## [AIM OF THE EXERCISE]
Begin at the line where "vidaXL Credenza Rovere" appears and reproduce exactly every line through the end of the data below, both included, skipping pictures.

= = =

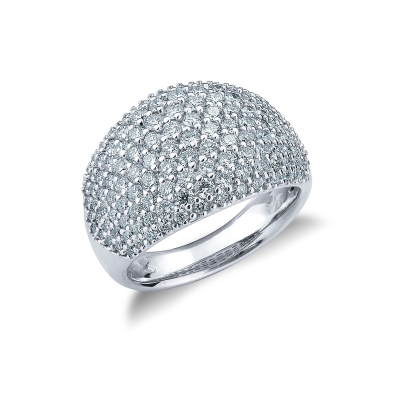 18k white gold band ring with diamonds pavé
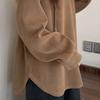 Женский свитшот Хлопок Оверсайз Свободного кроя С капюшоном Весна Осень Свободный V-образный вырез Повседневный пуловер С длинным рукавом Топ Свитшот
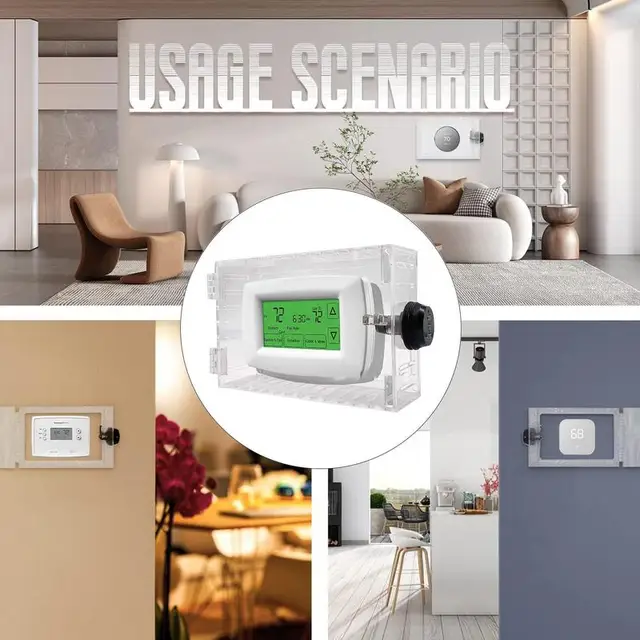 Termosztátvédő Átlátszó Termosztátrétegek Kulcsokkal Az Egész Termosztát -Eset Védelmi Őrének Otthoni Iskolájához - Image 5
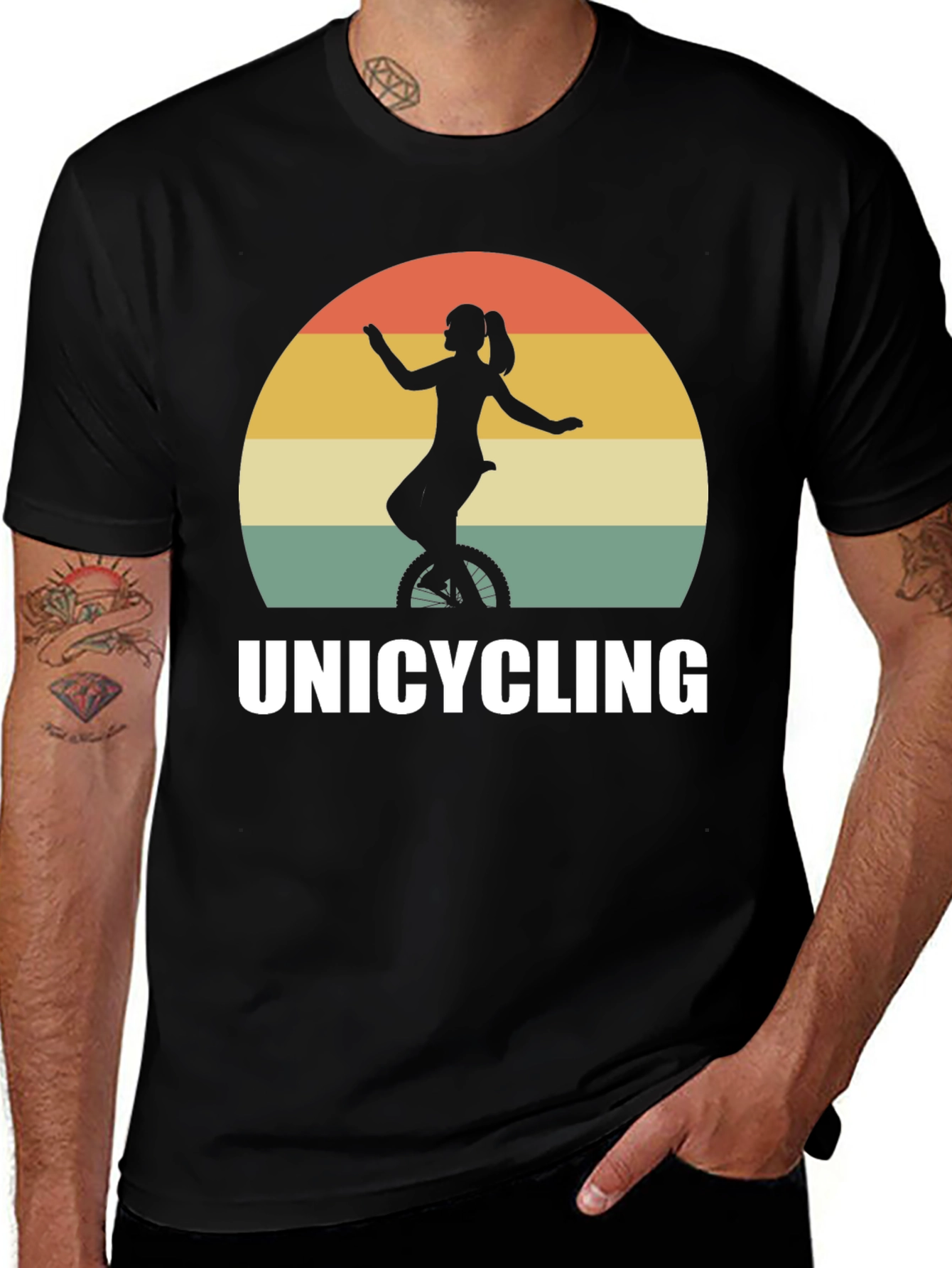 Variant 20 of Unicycling Retro Sunset T-Shirt
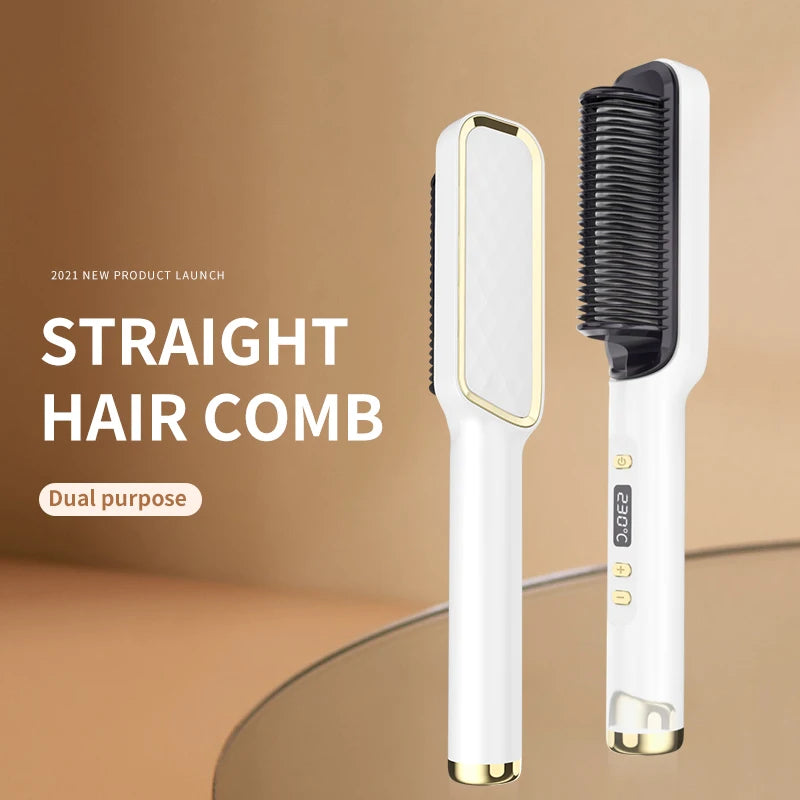 2-in-1 Electric Hair Straightener & Curling Comb LCD Display Hair Styling Comb Axl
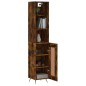 vidaXL Credenza Rovere Fumo 34,5x34x180 cm in Legno Multistrato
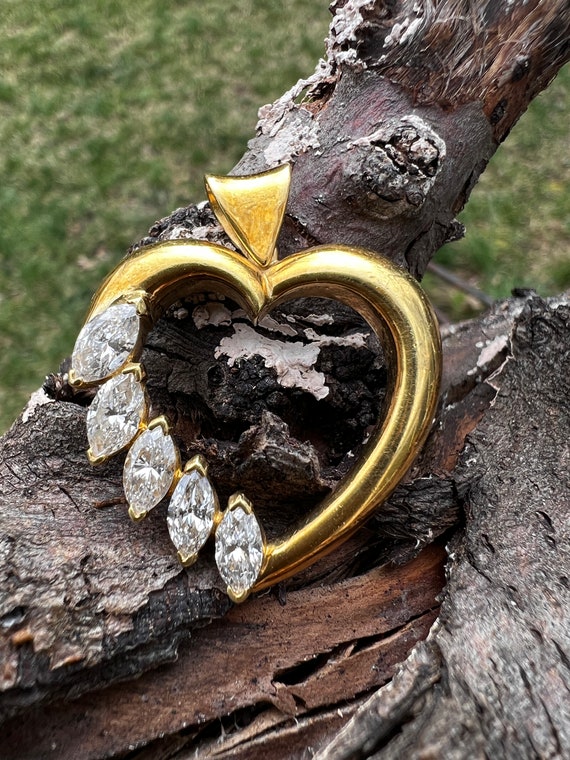 Diamond Heart Pendant, Marquise Diamond Heart, Hea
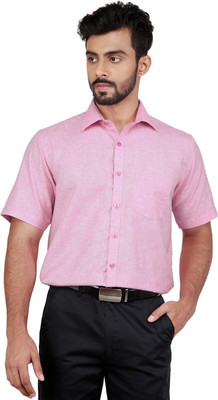 

Zeal Men's Solid Formal Spread Collar Shirt, Light pink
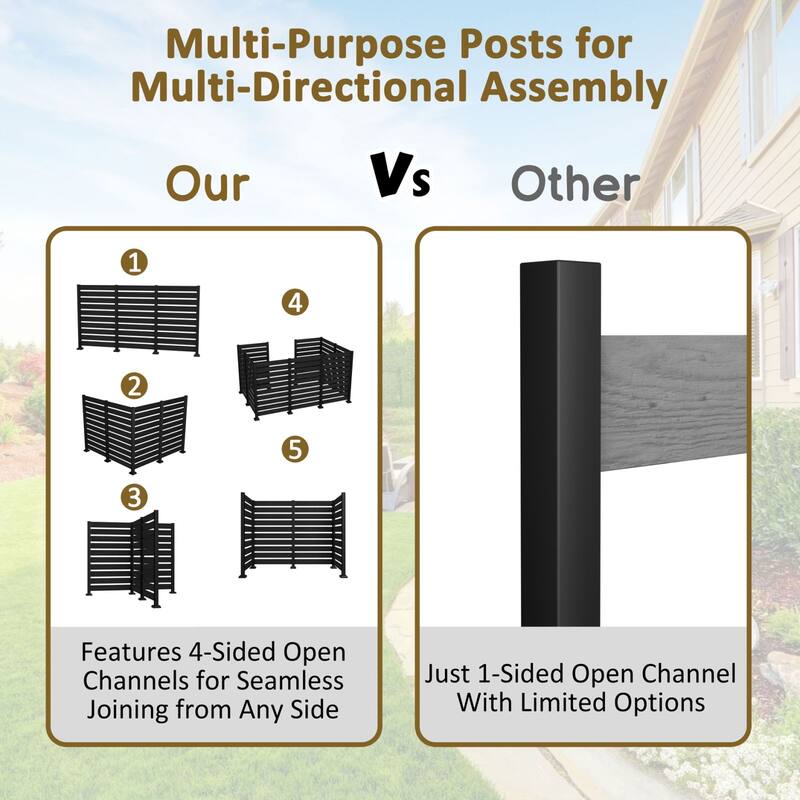 VEIKOUS 1 Pannel Versatile Outdoor Privacy Panels, Aluminum and Wooden Fence Panels for Garden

= = =

## [RESULT]
 vidaXL Credenza Rovere Fumo 34,5x34x180 cm in Legno Multistrato
 Diamond Heart Pendant, Marquise Diamond Heart, Hea

Zeal Men's Solid Formal Spread Collar Shirt, Light pink
 VEIKOUS 1 Pannel Versatile Outdoor Privacy Panels, Aluminum and Wooden Fence Panels for Garden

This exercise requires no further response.